Labels in the Graph

Labels at runtime

Node labels serve as an anchor point for a query. By specifying a label, we are specifying a subset of one or more nodes with which to start a query. Using a label helps to reduce the amount of data that is retrieved.

For example:

MATCH (n) RETURN n returns all nodes in the graph.

MATCH (n:Person) RETURN n returns all Person nodes in the graph.

Your goal in modeling should be to reduce the size of the graph that is touched by a query.

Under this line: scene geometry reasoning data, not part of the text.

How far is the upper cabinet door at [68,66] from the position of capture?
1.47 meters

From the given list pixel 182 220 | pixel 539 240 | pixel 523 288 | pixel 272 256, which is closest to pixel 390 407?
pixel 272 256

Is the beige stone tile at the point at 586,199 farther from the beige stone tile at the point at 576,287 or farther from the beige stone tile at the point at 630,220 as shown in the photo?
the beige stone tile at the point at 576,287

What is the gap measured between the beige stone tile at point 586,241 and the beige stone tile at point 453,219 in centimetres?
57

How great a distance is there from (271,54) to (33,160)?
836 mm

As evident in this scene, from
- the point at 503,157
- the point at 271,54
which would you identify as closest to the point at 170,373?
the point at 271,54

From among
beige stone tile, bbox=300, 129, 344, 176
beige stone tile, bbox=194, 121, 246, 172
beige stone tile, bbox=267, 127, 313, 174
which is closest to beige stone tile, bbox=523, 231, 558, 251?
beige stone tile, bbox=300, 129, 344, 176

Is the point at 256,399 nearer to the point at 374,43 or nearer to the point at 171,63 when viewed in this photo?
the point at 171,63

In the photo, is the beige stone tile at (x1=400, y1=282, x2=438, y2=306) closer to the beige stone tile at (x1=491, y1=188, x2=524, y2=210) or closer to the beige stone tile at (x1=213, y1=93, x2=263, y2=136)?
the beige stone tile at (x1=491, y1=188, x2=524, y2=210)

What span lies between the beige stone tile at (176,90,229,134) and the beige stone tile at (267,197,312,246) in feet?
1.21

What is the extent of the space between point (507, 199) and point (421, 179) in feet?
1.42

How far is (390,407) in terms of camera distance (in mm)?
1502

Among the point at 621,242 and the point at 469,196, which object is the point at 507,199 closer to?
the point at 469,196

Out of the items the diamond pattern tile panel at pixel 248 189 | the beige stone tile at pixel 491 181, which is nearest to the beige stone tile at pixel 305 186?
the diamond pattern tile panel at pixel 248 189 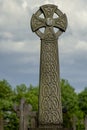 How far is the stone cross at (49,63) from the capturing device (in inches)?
1002

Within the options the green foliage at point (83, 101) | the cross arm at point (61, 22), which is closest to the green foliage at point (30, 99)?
the green foliage at point (83, 101)

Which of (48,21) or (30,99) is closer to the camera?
(48,21)

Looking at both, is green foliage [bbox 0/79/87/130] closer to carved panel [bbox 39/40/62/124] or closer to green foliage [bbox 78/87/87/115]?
green foliage [bbox 78/87/87/115]

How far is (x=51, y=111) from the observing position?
25.5 m

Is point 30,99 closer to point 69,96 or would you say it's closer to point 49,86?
point 69,96

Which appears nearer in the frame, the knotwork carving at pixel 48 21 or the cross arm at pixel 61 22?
the knotwork carving at pixel 48 21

In Cypher, you can produce a query plan that shows what operations occur during the query. This figure shows a query plan by the number of db hits for the query to retrieve all Person nodes:

Example Query Plan

Later in this lesson you will learn how to produce a query plan.

If Person nodes also had a label which is the country that a person is from, then you could used this Cypher code to retrieve all people from the US:

MATCH (n:US) RETURN n returns all US nodes in the graph which happen to be Person nodes.

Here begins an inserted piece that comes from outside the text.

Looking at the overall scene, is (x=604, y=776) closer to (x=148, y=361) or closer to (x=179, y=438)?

But having a label that is specific like this might be overkill, especially if the query could be:

MATCH (n:Person) WHERE n.country = 'US' RETURN n

In Cypher, you cannot parameterize labels so keeping the country as a property makes the Cypher code more flexible.

But if you have a strong use case for having multiple labels for a node, you should do so.

Do not overuse labels

You should use labels wisely in your data model. They should be used if it will help with most of your use cases. A best practice is to limit the number of labels for a node to 4.

Here is an example of overuse of labels in the data model:

Label overuse

Here we see Person nodes that have a label representing the country that a Person is from like we described earlier.

In addition, we see multiple labels for Movie nodes. The label represents the languages available for a movie.

This is another similar scenario where you must decide if an important use case is related to the language of a movie. Again if the use of a property for a node will suffice, then it is best to not have the label.

New use case

Here is an example where adding a label will help our queries at runtime.

What if we added a new use case:

Use case #10: What actors were born before 1950?

Here is the Cypher statement to test this use case:

cypher
MATCH (p:Person)-[:ACTED_IN]-()
WHERE p.born < '1950'
RETURN p.name

Here is what this Cypher statement does:

  1. A node by label scan to retrieve all Person nodes.

  2. Tests the born property for the nodes retrieved to filter them.

  3. Determines which of these filtered nodes have the outgoing ACTED_IN relationship.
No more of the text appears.